Supplied material
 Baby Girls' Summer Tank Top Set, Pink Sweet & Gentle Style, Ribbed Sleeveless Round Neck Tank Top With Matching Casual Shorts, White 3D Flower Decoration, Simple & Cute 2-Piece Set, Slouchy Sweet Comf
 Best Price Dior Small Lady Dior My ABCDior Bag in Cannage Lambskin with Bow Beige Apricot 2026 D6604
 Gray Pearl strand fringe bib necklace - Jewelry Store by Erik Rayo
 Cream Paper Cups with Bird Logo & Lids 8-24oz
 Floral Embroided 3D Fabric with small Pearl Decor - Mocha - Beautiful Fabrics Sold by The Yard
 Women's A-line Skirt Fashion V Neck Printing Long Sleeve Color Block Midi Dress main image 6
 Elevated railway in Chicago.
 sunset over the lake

--

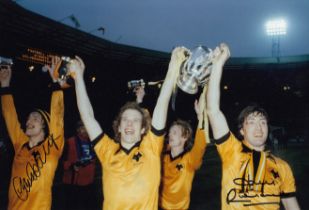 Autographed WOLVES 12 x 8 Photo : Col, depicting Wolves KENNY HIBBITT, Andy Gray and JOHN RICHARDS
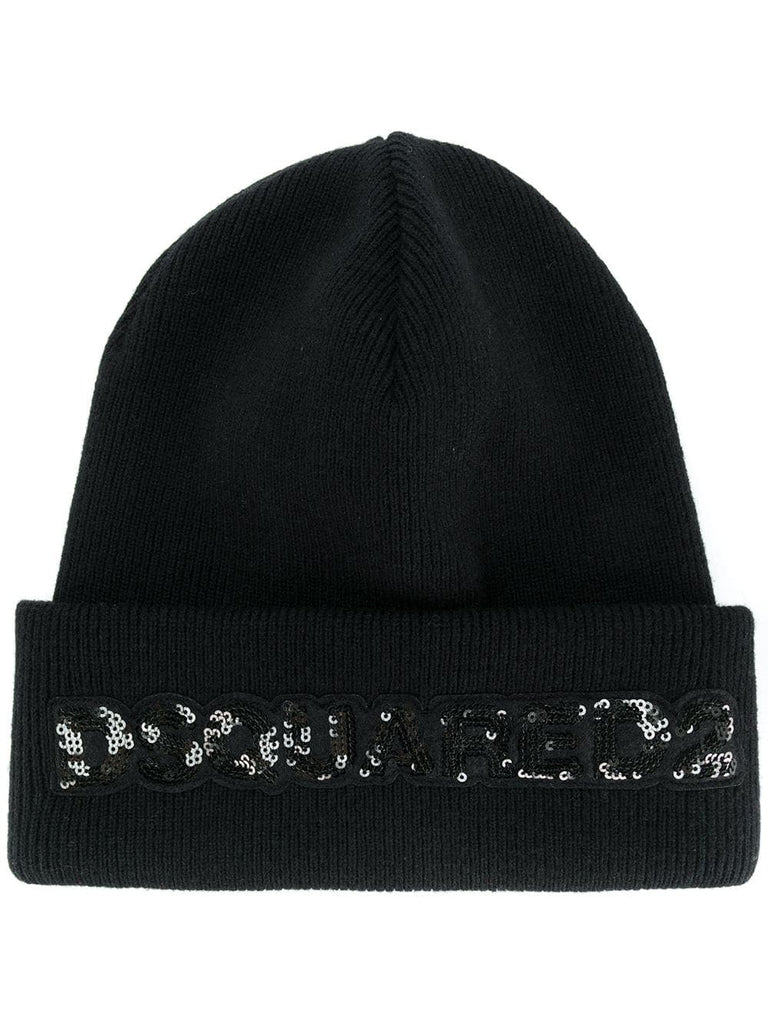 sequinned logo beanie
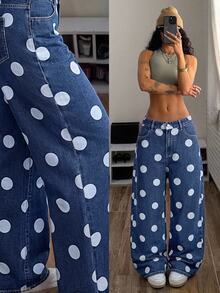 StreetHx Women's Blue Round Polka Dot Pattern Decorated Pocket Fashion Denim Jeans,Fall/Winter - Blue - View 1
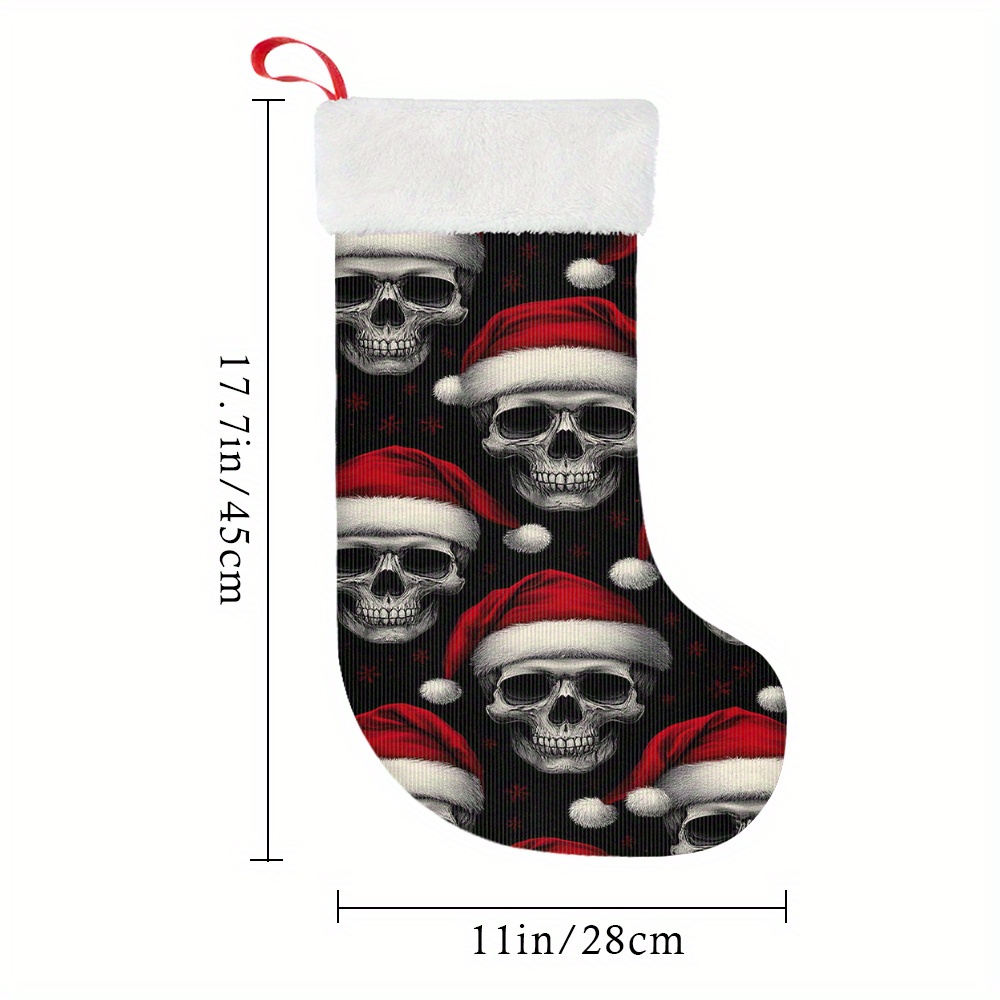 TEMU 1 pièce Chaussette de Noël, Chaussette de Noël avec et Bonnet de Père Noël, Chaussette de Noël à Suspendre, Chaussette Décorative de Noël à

* * *

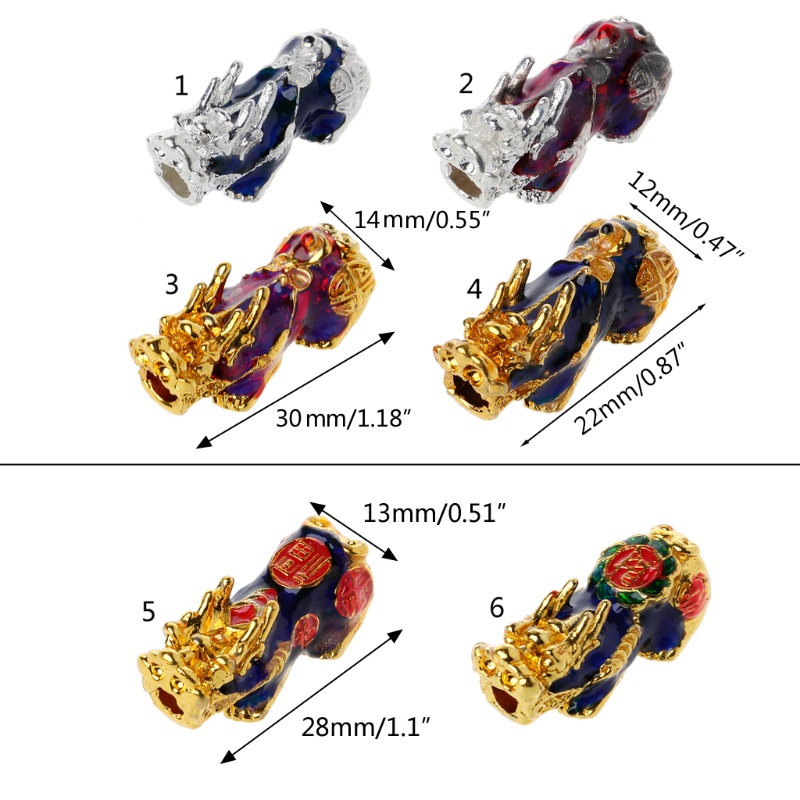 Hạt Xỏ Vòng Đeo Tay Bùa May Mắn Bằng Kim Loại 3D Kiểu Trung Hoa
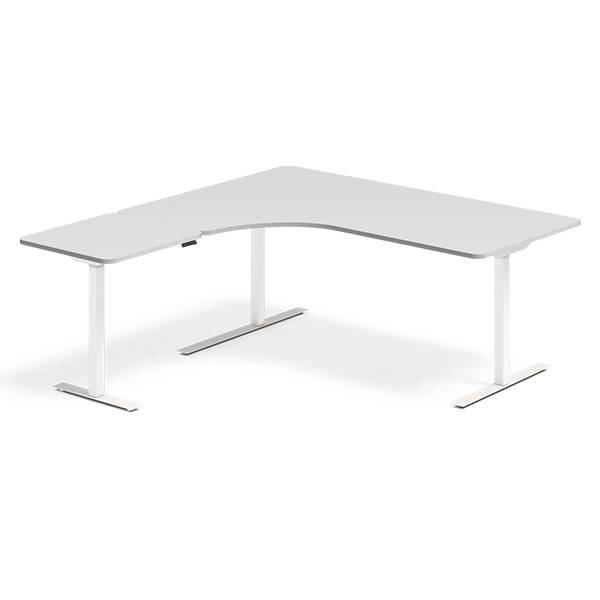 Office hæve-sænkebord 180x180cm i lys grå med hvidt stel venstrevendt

Your task
Using the entries above, repeat only the lines from the one containing "Baby Girls' Summer" through the one containing "sunset over the lake", end lines included.

Response to the task
 Baby Girls' Summer Tank Top Set, Pink Sweet & Gentle Style, Ribbed Sleeveless Round Neck Tank Top With Matching Casual Shorts, White 3D Flower Decoration, Simple & Cute 2-Piece Set, Slouchy Sweet Comf
 Best Price Dior Small Lady Dior My ABCDior Bag in Cannage Lambskin with Bow Beige Apricot 2026 D6604
 Gray Pearl strand fringe bib necklace - Jewelry Store by Erik Rayo
 Cream Paper Cups with Bird Logo & Lids 8-24oz
 Floral Embroided 3D Fabric with small Pearl Decor - Mocha - Beautiful Fabrics Sold by The Yard
 Women's A-line Skirt Fashion V Neck Printing Long Sleeve Color Block Midi Dress main image 6
 Elevated railway in Chicago.
 sunset over the lake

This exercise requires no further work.